Last night, disabled actor James Moore won the award for Best Newcomer at the National Television Awards 2019 for his role as Ryan Stocks in Emmerdale. Back in July last year, we interviewed James as he joined the long-running soap. Read on to find out more about the actor, hear from him in his own words, and watch his win at the NTAs.
Since first appearing in Emmerdale in June 2018, James Moore has been widely praised for his portrayal of Charity Dingle’s long-lost son, Ryan Stocks. Ryan has cerebral palsy and is one of just a handful of TV characters with a disability.

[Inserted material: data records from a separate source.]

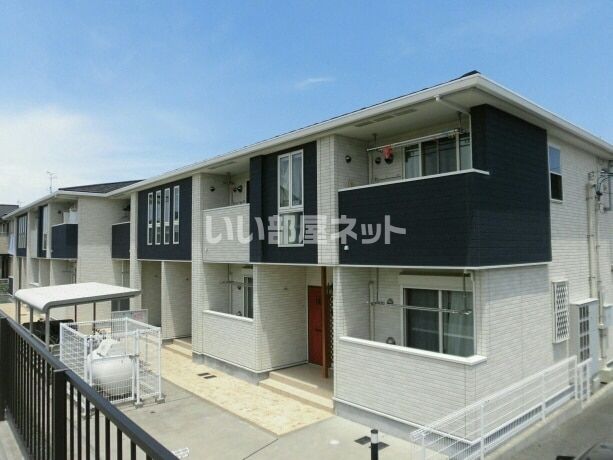 クリアネスの外観画像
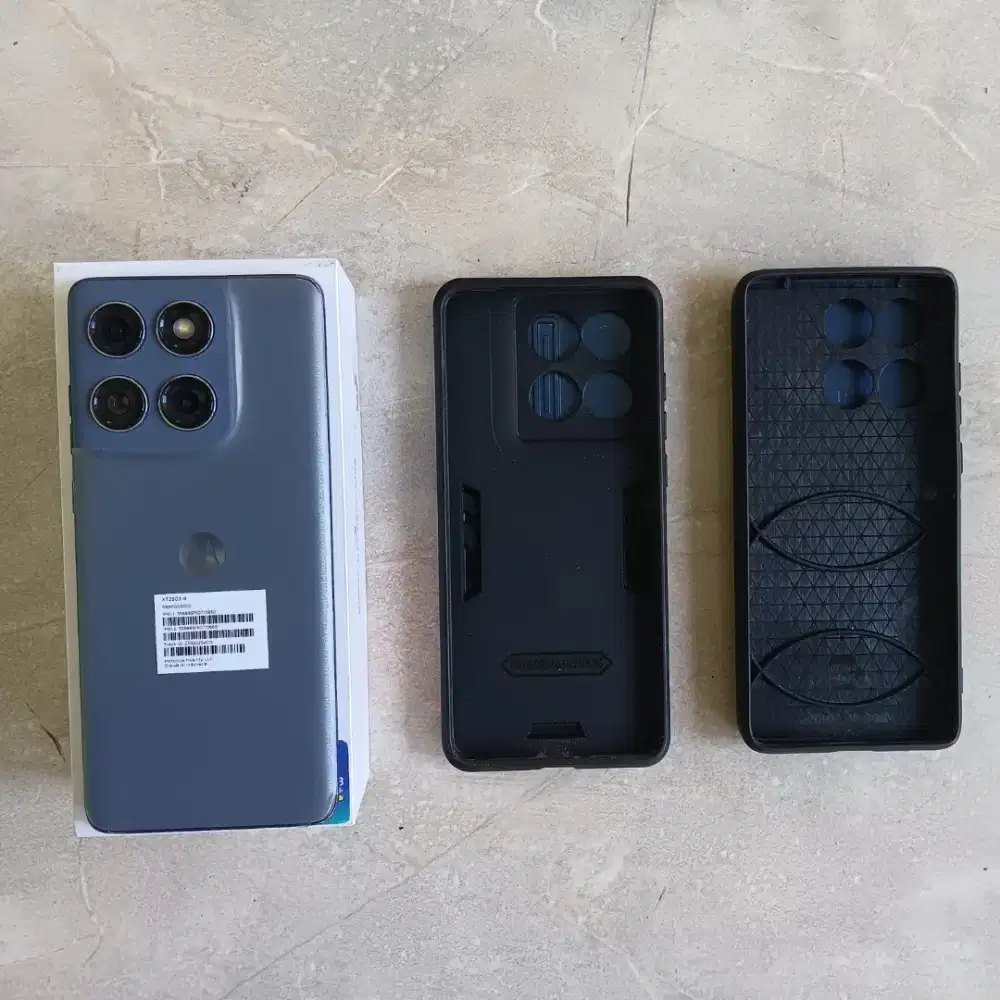 Motorola Edge 60 Fusion Slipstream RAM 12GB+12GB/ROM 256GB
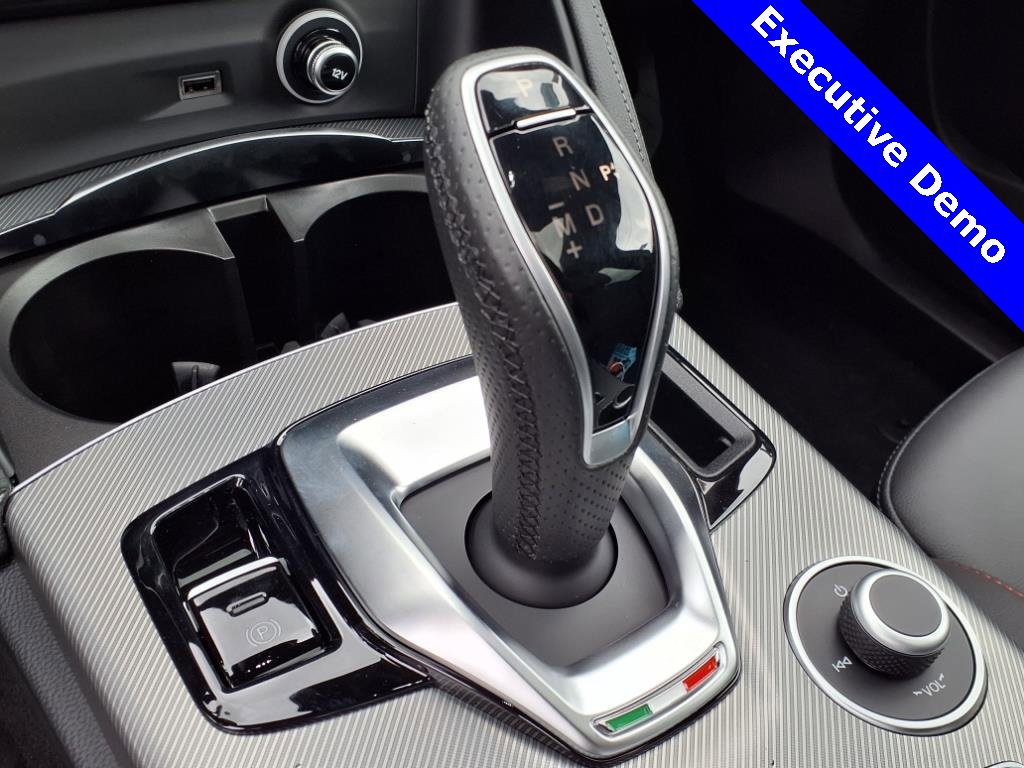New 2025 Alfa Romeo Stelvio Tributo Italiano w/ Driving Assist Package image 23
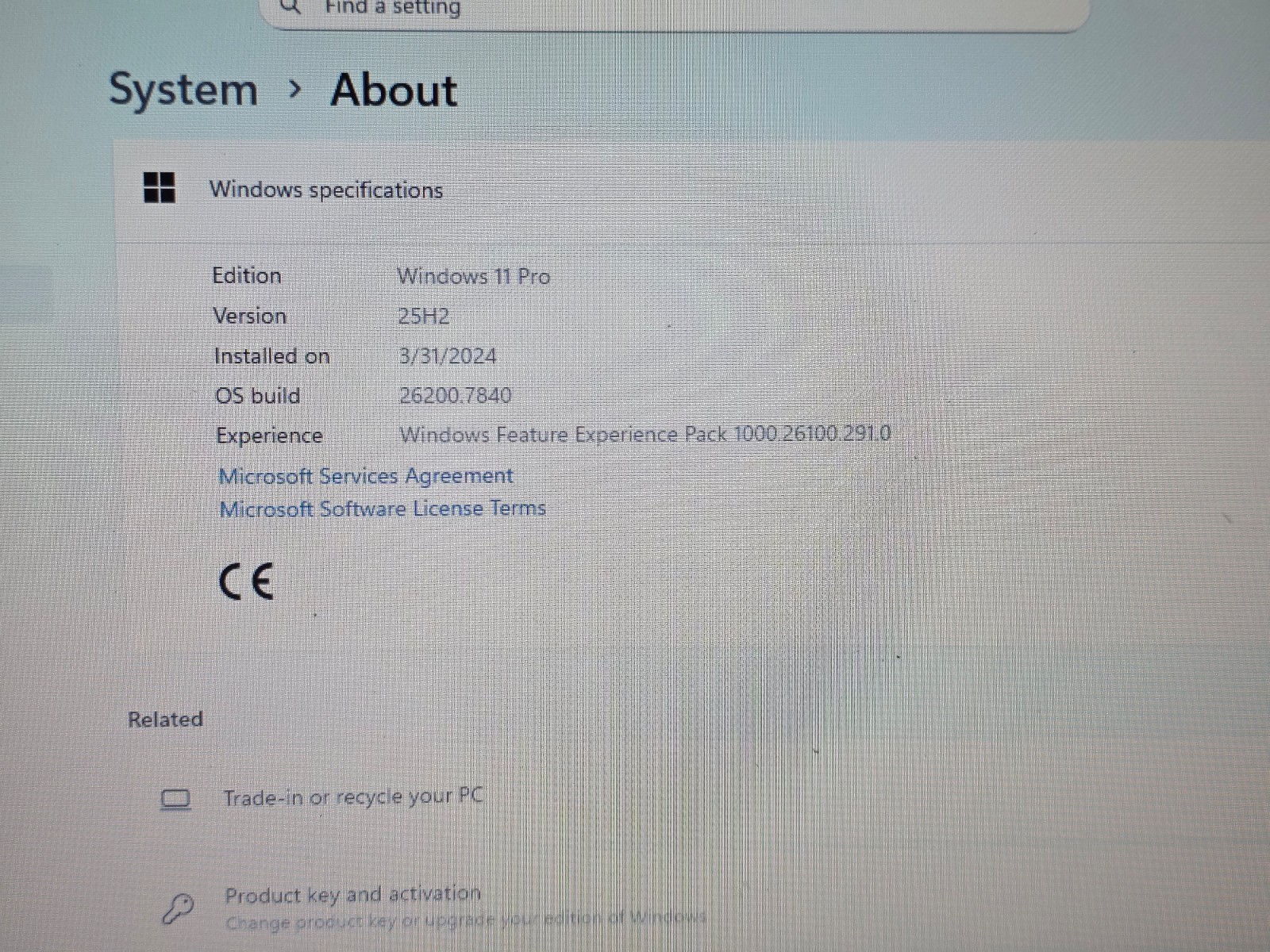 14″ Lenovo ThinkPad T440 – i5, 8GB, 256GB SSD | Mini-Displayport!!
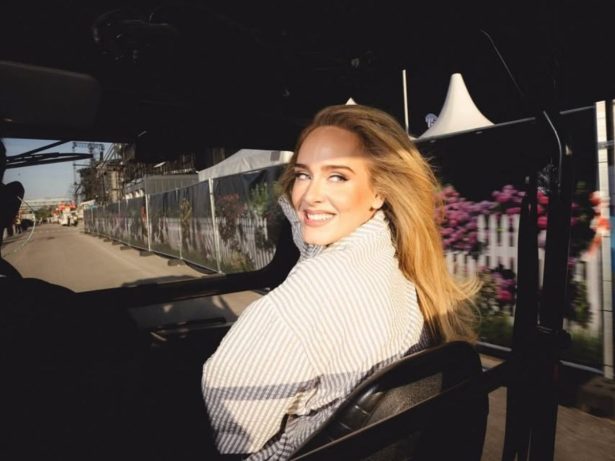 Do palco para o cinema: Adele ganha papel em longa dirigido por Tom Ford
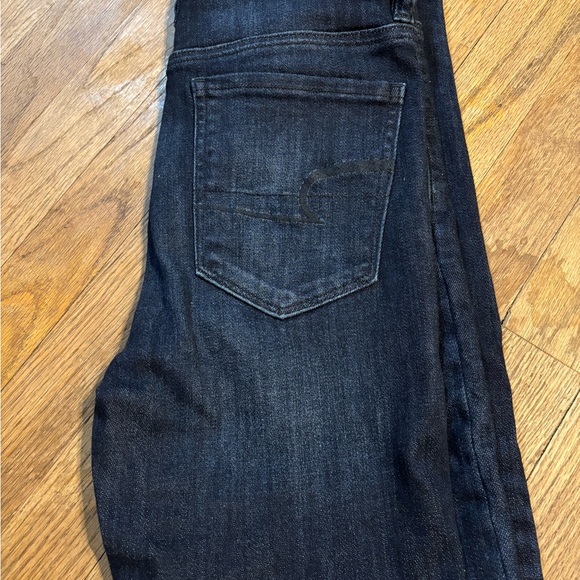 American Eagle Dark Skinny Jeans - Picture 3 of 3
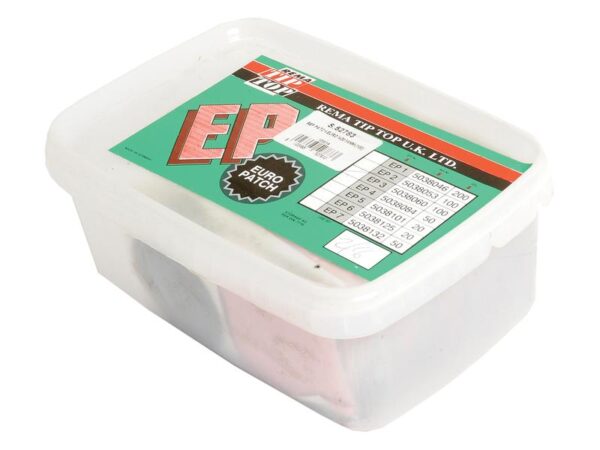 Reparatur-Pflaster EURO No.3, Ø54mm (100 stk.)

James Moore winning Best Newcomer at the National Television Awards
As the title suggests, the Best Newcomer accolade celebrates talented actors and actresses that have recently burst onto our screens. For the award, he was up against four non-disabled actors:
- Aedan Duckworth, who plays Oliver Morgan in Hollyoaks
- Alexandra Mardell as Emma Brooker in Coronation Street
- Newt Mohan, who is Dr Rashid “Rash” Masum in Casualty
- Ricky Champ as Stuart Highway in EastEnders
Overjoyed by his win, he spoke about the importance of having a disabled character on such a highly-profile TV show. “Thank you so much, this means the world to me. A year ago, I never thought I would be here… to take on someone with a disability shows the progression that we need in this day and age.”
You can watch his win at the National Television Awards in the video below.
Who is Ryan Stocks in Emmerdale?
27-year-old Ryan Stocks was thought to have died shortly after his birth, having been abandoned by Charity, who became pregnant through abuse at the age of just 14.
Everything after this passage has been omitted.